Porque estamos a falar da Irlanda, perguntará o caro leitor? Ora estamos a falar da Irlanda porque um dos assuntos internacionais de maior interesse na comunicação social e na classe política em Portugal nos últimos meses tem a ver com a admiração com a Irlanda e o seu modelo económico, em muitos casos mostrando a Irlanda como um caso de sucesso intocável. Ora, as coisas não são bem assim. Antes de mais, importa perceber como cada um de nós avalia o sucesso das políticas económicas. Eu faço desde já uma declaração de interesses: o sucesso das políticas económicas mede-se naquilo em que estas se traduzem para os cidadãos, isto é, de que forma estas políticas melhoram a vida de cada um nós. A título de exemplo, e é um exemplo que tem sido amplamente propagandeado, se olharmos apenas para o crescimento do PIB, a Irlanda é, efectivamente um caso de extremo sucesso. Ora aqui começam os verdadeiros problemas. O próprio Ministro das Finanças Irlandês, e o seu economista chefe, dizem que não podemos olhar para o PIB da Irlanda como medidor do sucesso económico do país, uma vez que este é altamente inflacionado pelos resultados das multinacionais, principalmente as tecnológicas, sendo que estas, fruto do sistema fiscal em vigor, pouco ou nada contribuem para as finanças do país, ou seja, produzem muitos lucros, mas pouco (ou nada) contribuem directamente para gerar riqueza que possa depois ser distribuída pelo estado.
Mas, infelizmente, há mais.
Na Irlanda, os 40% da população com menores rendimentos recebe 22% dos rendimentos nacionais, enquanto que os 10% com maiores rendimentos recebem 25% dos rendimentos nacionais, sendo que o 1% com maiores rendimentos recebe quase 5% do total da riqueza nacional.
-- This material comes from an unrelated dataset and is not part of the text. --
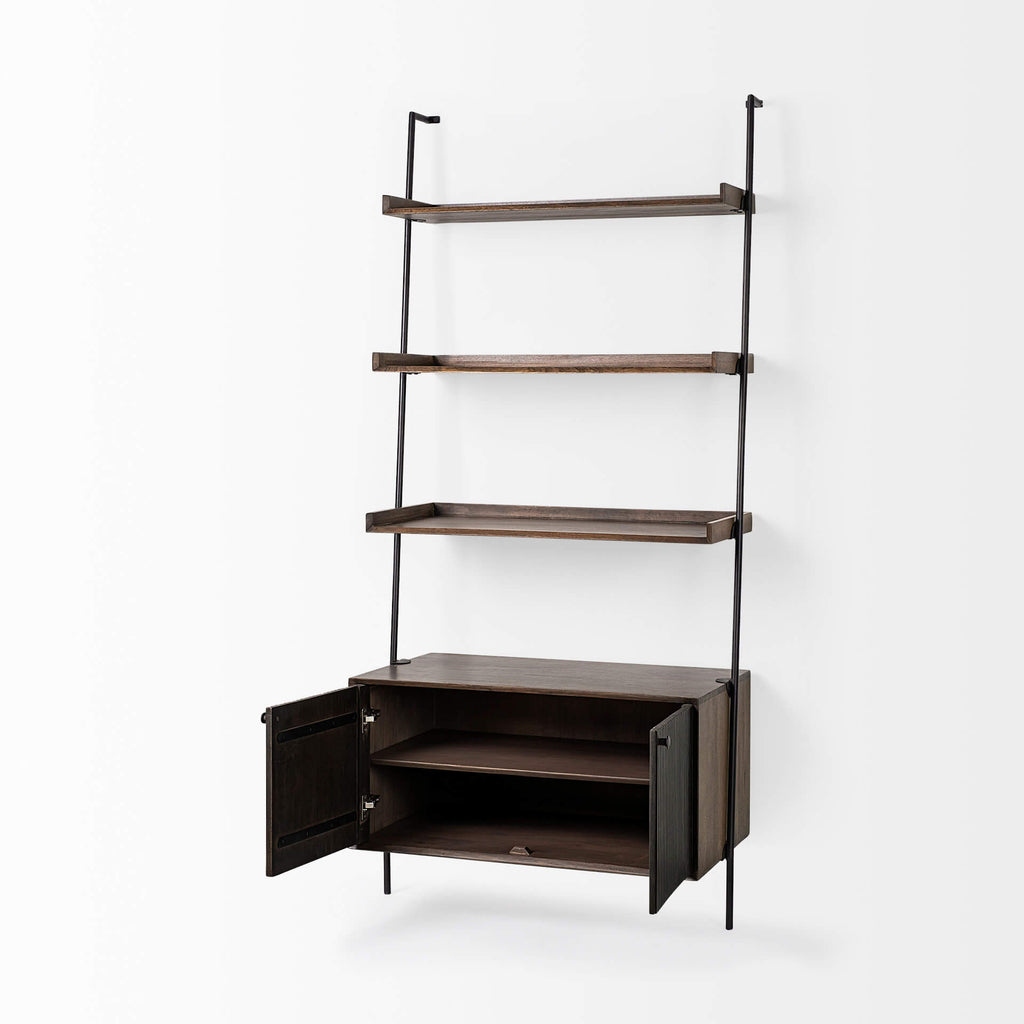 MERCANA GRACE TWO-TONED WOOD SHELVING UNIT 68847-AB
Ora o que nos dizem estes números? Que a classe média baixa trabalhadora está a lutar para se manter à tona, num país em que os custos de vida, principalmente com a habitação são extraordinariamente altos, e onde a protecção social universal em saúde, rede de creches e habitação é praticamente inexistente.
Consequência? Há relatos de cada vez mais pessoas que trabalham mas que não conseguem viver, estando a aumentar o número de pessoas a viver nas ruas, sendo que mulheres e crianças estão particularmente desprotegidas, com 27,3% em risco de pobreza, ao qual se juntam pessoas com deficiência e pais ou mães solteiros. Uma catástrofe social.
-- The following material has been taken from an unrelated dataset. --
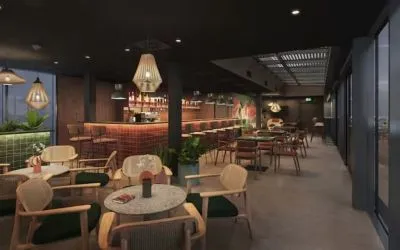 Bar and lounge area at Hilton Garden Inn Debrecen City Centre.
Se quisermos fazer uma pequena comparação, em Portugal o Risco de Pobreza em 2020 situava-se nos 18,4%, após transferências do estado.
Sendo certo que não me é possível, nem os pretendo esconder, este artigo não pretende ser apenas e só uma análise meramente política e ideológica, mas, mais do que isso, pretende desmistificar certo padrões de análise estabelecidos na sociedade e na opinião pública e publicada, que demasiadas vezes pecam por curtos e desvirtuam por completo uma análise que se quer tão profunda quanto possível, para podermos avaliar correctamente as políticas públicas, para se necessário as alterarmos e adequarmos.